How much does it cost to update an app?

“An app is never finished.”

This quote is un-attributable because most every app developer has said it – it’s a constant in the world of programming – software isn’t complete until it’s dead. From websites to operating systems, updates are an inescapable necessity.

In fact, it’s safe to assume you’ll spend one-fifth of your total development cost every year updating your app – so if your app cost $50,000 to develop, you can expect to spend about $10,000 a year on updates.

That might sound like a lot of money – and it is. If you want your app to be a top performer in terms of user retention, conversions, and revenue, however, you’ll need to be prepared to absorb the costs associated with updating your app. Based on this graph from SensorTower, you can see the industry average back in 2014 was to update an app well over once a month:

This is a correlation that has only grown in recent years – the most successful apps today release an update one to four times every month.

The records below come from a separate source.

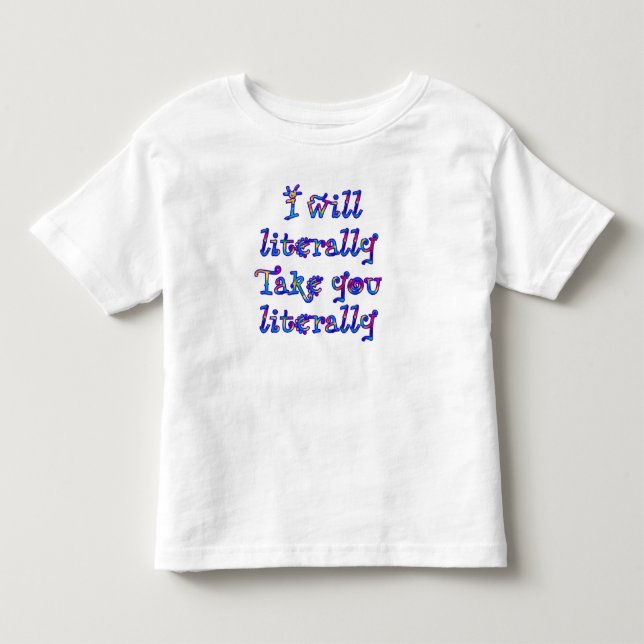 Rättvis varning: Jag tar saker bokstavligt!  T Shirt (Framsida)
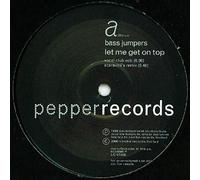 Bass Jumpers - Let Me Get On Top - Pepper Records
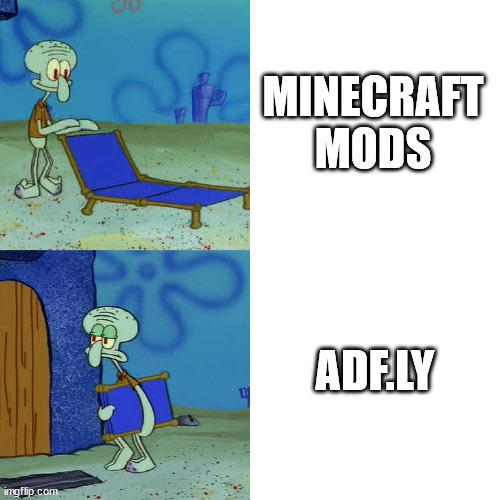 Adf.ly | MINECRAFT MODS; ADF.LY | image tagged in squidward chair | made w/ Imgflip meme maker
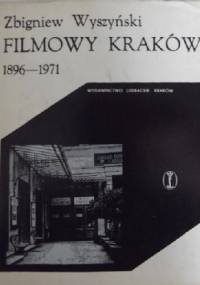 Filmowy Kraków 1896-1971 - Zbigniew Wyszyński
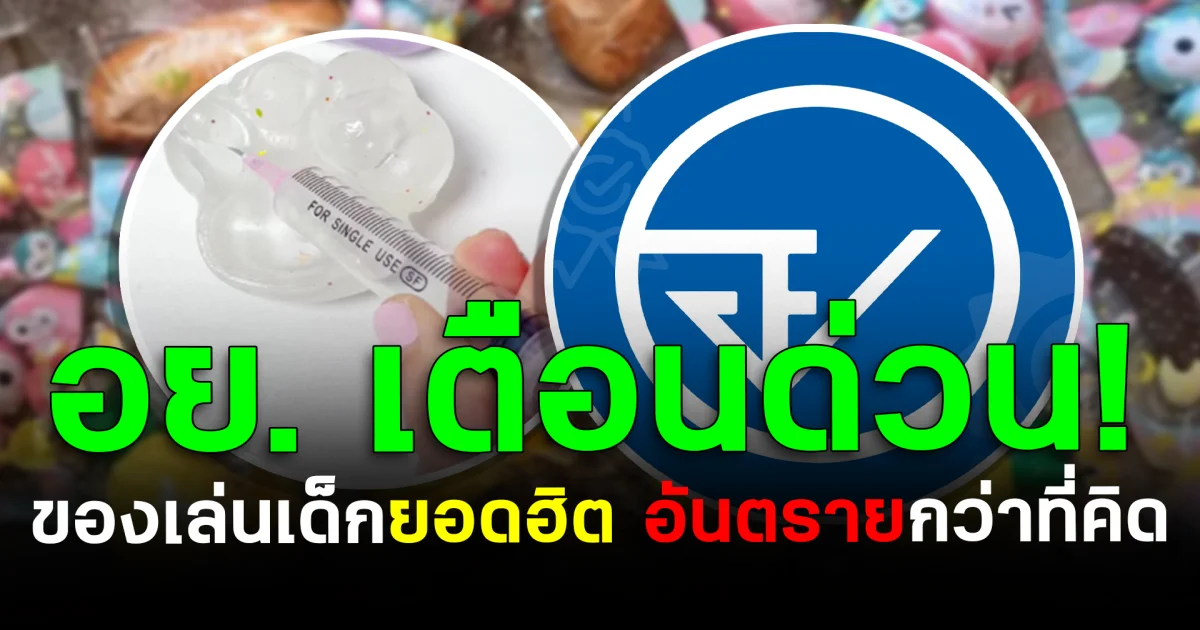 อย. เตือนด่วน! ของเล่นเด็กยอดฮิต อันตรายกว่าที่คิด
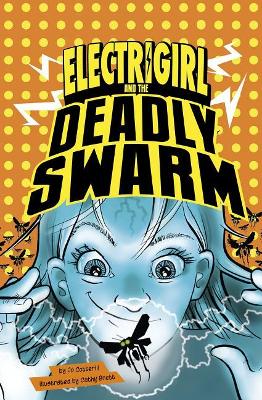 Electrigirl and the Deadly Swarm by Cathy Brett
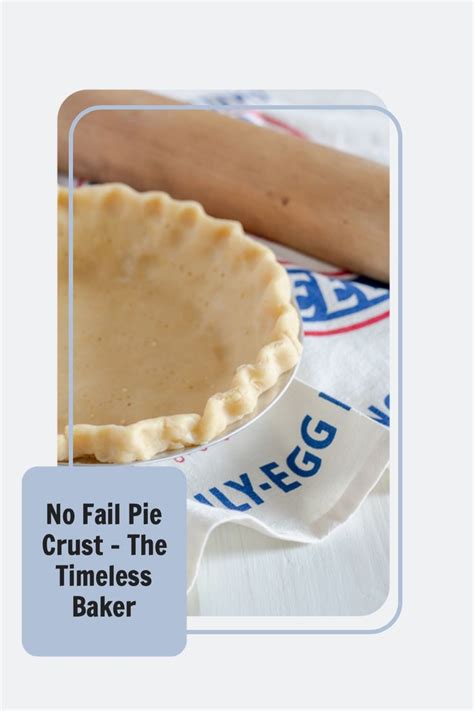 No Fail Pie Crust The Timeless Baker In 2022 No Fail Pie Crust Pie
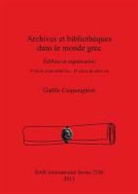 Gaeelle Coqueugniot, Gaelle Coqueugniot, Gaëlle Coqueugniot - Archives et bibliothèques dans le monde grec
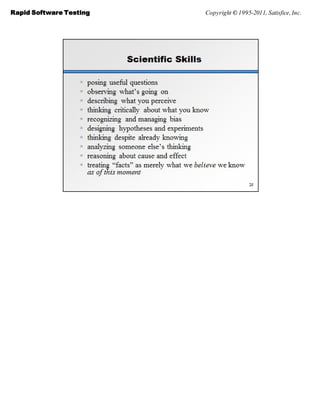 Rapid Software Testing   Copyright © 1995-2011, Satisfice, Inc.
 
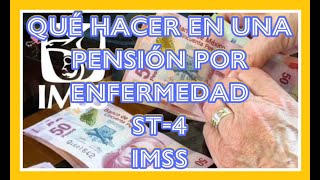 QUE HACER EN UNA PENSIÓN POR ENFERMEDAD GENERAL ST4 IMSS [upl. by Emmett333]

Why do apps update so frequently? There are a few different answers:

Updates are a form of marketing

Updates are among your strongest marketing tools – right up there with push notifications and proximity marketing. Updates are so powerful because they convey a few messages simultaneously:

  1. Serve as a reminder that your app exists
  2. Inform your users about value added to the app
  3. Provide a free CTA with immediate value for the user

Updates will also create a notification tag on their settings icon – both Android and iOS operating systems are designed to make users aware of their available updates, so users are sure to be made aware of the added value you are giving them.

Finding the right voice and message through push notifications can be incredibly difficult, but updates can be plain and straightforward – they inherently come with free value for the customer.

Design and device trends

Keeping up with UI trends is a constant task of not only keeping your sights on what your competitors are doing, but also what the top twenty apps on the App Store or Google Play are doing as well.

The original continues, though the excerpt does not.